The IPA position on APES230
This page provides information on APES230, and the Institute of Public Accountants' position on the standard.
For further information on our position on APES230, please contact our Media Relations team at email@example.com
Q: What is APES 230?
A: The Accounting Professional & Ethical Standards Board (APESB) issued APES 230: Financial Planning Services. APES 230 sets the standard for Members who provide financial planning services. It is designed to ensure that those who provide such services do so ethically and professionally. See below for the APESB definition of financial planning advice and services.
APES 230 should be read in conjunction with other professional duties of Members, including APES 110 Code of Ethics, and any legal obligations that may apply.
APESB was established by the accounting profession to develop professional and ethical standards. Refer to www.apesb.org.au.
Q: What are Financial Planning Services as defined by APES 230?
A: The proposed standard is designed to capture a wide range of services beyond what some may consider to be financial planning services.

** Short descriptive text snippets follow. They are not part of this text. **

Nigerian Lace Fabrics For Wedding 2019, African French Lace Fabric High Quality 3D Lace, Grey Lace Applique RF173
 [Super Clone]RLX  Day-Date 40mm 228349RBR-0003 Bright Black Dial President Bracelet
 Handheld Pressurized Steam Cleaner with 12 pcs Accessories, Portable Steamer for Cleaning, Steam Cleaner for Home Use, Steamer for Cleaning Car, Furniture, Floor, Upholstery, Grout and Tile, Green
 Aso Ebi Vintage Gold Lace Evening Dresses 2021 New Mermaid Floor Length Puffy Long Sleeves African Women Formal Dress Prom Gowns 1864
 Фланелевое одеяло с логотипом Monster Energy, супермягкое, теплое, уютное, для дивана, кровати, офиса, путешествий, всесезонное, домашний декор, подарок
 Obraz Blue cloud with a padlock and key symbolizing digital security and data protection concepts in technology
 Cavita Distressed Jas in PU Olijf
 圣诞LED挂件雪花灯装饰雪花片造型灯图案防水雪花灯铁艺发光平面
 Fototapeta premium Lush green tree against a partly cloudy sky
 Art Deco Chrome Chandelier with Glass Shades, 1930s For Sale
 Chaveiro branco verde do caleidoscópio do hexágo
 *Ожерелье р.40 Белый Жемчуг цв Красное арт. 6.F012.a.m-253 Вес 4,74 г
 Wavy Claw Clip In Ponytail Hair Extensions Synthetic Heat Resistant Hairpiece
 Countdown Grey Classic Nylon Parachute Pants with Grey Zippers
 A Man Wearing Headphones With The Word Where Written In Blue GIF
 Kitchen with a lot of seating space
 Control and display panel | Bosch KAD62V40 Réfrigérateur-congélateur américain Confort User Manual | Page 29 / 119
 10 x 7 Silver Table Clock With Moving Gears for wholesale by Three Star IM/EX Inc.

The proposed standard currently defines financial planning advice and services as:
Financial Planning Advice means advice in respect of a Client’s personal financial affairs specifically related to wealth management, retirement planning, estate planning, risk management and related advice, including:
a) advice on financial products such as shares, managed funds, superannuation, master funds, wrap accounts, margin lending facilities and life insurance carried out pursuant to an Australian Financial Services Licence;
b) advice and dealing in financial products as defined in section 766C of the Corporations Act 2001;
c) advice and services related to the procurement of loans and other borrowing arrangements, including credit activities provided pursuant to an Australian Credit Licence; and
d) other advice such as taxation, real estate and non-product related advice on financial strategies or structures provided as part of the advice under (a) – (c).
Financial Planning Service means a service where a Member provides Financial Planning Advice to a Client.
Q: To whom does APES 230 apply?
A: APES 230 is designed to apply to members of the IPA, CPA Australia and Chartered Accountants Australia New Zealand (CAANZ) who provide financial planning services (as defined above) either as a principal in a firm (PPC holder) or as an employee who works in a financial planning business. All requirements are mandatory on members in practice (PPC holders) and to the extent possible by members in business. However, the IPA has rejected the standard (see below) so it won’t apply to IPA Members.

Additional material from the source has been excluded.